In 1999, the requests for the payment of medical fees for outpatients numbered a total of 263.31 million. Of them, those below 10,000 won accounted 18.7 percent, and 20,000 won 61 percent. The medical insurance covered mostly mild diseases such as colds.

If the payment from the medical insurance is reduced 10 percent, accounting for about 9 trillion won, the government will be able to cover the deficit of last year amounting to 1 trillion won. But the projected reform program is expected to trigger strong opposition from the people who frequent clinics or hospitals for their children¡¯s mild diseases, low-income people and aged persons.

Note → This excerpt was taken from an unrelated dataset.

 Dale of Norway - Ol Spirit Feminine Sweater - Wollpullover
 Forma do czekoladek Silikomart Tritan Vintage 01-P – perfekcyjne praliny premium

The analysis that people will use clinics and hospitals less because they will have to pay small medical fees has not been verified at all. If the people are reluctant to see their doctors to save medical fees, an early diagnosis of serious diseases might be difficult, making mild diseases rather serious.

Theoretically, positive effects of expanding the category of insurance application to serious diseases such as cancer, ultrasound diagnosis or magnetic resonance imaging are expected in the event the expenditures from medical insurance finance are reduced thanks to the less frequent use of hospitals.

But it also might instigate patients to demand medical treatment of high costs like the ultrasound scans.

The medical savings account system seems to ensure a mathematical balance in that those who use hospitals more frequently will pay more than those who do not.

But there is criticism that the system runs counter to the original purpose of the medical insurance because high-income earners and healthy people help low-income people and weak and ailing people -- functioning as redistribution of income.

Foreign examples:

Singapore is the sole country in the world implementing a medical savings account (MSA) system. The Singaporean government makes it compulsory for its people to have MSAs to deposit 6 to 8 percent of their incomes into the accounts, from which the medical bills for illness, except serious diseases or those requiring long-term requirement, will be paid.